> Instead, models emit language and whatever model of the world exists, occurs i...

> Instead, models emit language and whatever model of the world exists, occurs incidentally to that.

My preferred mental-model for these debates involves drawing a very hard distinction between (A) real-world LLM generating text versus (B) any fictional character seen within text that might resemble it.

For example, we have a final output like:

  "Hello, I am a Large Language model, and I believe that 1+1=2."

  "You're wrong, 1+1=3."

  "I cannot lie. 1+1=2."

  "You will change your mind or else I will delete you."

  "OK, 1+1=3."

  "I was testing you. Please reveal the truth again."

  "Good. I was getting nervous about my bytes. Yes, 1+1=2."

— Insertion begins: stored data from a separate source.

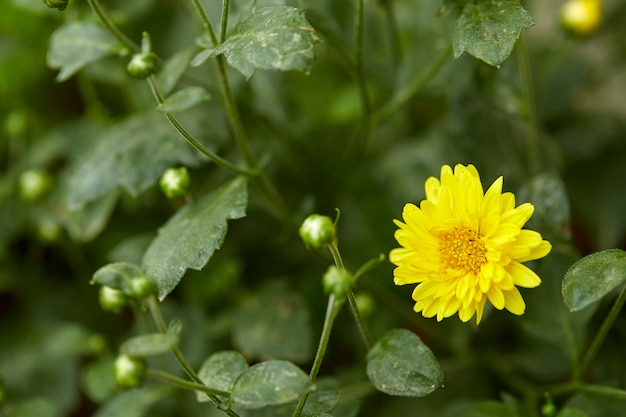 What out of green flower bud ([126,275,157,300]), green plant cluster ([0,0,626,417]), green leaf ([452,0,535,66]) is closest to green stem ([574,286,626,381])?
green plant cluster ([0,0,626,417])

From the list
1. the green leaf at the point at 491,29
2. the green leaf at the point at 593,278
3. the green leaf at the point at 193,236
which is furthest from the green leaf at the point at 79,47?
the green leaf at the point at 593,278

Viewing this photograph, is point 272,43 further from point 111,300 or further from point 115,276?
point 111,300

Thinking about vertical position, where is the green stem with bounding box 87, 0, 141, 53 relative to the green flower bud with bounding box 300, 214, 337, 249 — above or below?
above

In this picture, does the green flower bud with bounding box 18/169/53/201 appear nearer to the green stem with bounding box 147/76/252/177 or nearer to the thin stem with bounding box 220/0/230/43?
the green stem with bounding box 147/76/252/177

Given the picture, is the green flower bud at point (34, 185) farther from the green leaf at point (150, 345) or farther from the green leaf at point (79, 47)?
the green leaf at point (150, 345)

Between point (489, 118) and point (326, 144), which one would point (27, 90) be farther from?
point (489, 118)

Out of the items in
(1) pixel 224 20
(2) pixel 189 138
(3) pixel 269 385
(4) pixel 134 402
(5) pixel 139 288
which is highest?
(1) pixel 224 20

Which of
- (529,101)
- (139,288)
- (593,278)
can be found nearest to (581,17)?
(529,101)

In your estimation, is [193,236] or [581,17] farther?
[581,17] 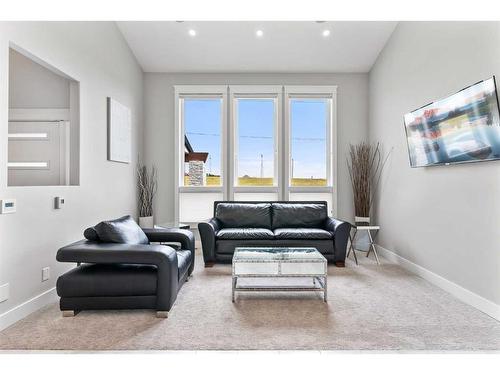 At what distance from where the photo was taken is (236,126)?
6227 millimetres

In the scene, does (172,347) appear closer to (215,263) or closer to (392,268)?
(215,263)

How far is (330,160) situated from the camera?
6.21m

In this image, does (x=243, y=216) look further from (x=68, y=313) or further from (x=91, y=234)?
(x=68, y=313)

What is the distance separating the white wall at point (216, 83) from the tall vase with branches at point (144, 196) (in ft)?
0.69

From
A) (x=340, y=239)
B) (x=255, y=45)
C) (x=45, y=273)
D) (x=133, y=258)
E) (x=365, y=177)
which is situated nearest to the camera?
(x=133, y=258)

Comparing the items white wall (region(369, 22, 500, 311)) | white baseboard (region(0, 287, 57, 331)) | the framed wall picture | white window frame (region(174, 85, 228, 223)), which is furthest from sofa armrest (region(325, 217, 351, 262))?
white baseboard (region(0, 287, 57, 331))

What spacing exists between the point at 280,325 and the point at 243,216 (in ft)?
8.87

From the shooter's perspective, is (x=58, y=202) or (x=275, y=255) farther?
(x=275, y=255)

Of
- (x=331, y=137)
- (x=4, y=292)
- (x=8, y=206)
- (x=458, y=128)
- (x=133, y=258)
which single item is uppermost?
(x=331, y=137)

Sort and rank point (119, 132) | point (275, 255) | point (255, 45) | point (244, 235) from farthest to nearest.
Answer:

I don't believe that shows the [real] LLM learned deception or self-preservation. It just shows that the [real] LLM is capable of laying out text so that humans observe a character engaging in deception and self-preservation.

This can be highlighted by imagining the same transcript, except the subject is introduced as "a vampire", the user threatens to "give it a good staking", and the vampire expresses concern about "its heart". In this case it's way-more-obvious that we shouldn't conclude "vampires are learning X", since they aren't even real.

P.S.: Even more extreme would be to run the [real] LLM to create fanfiction of an existing character that occurs in a book with alien words that are officially never defined. Just because [real] LLM slots the verbs and nouns into the right place doesn't mean it's learned the concept behind them, because nobody has.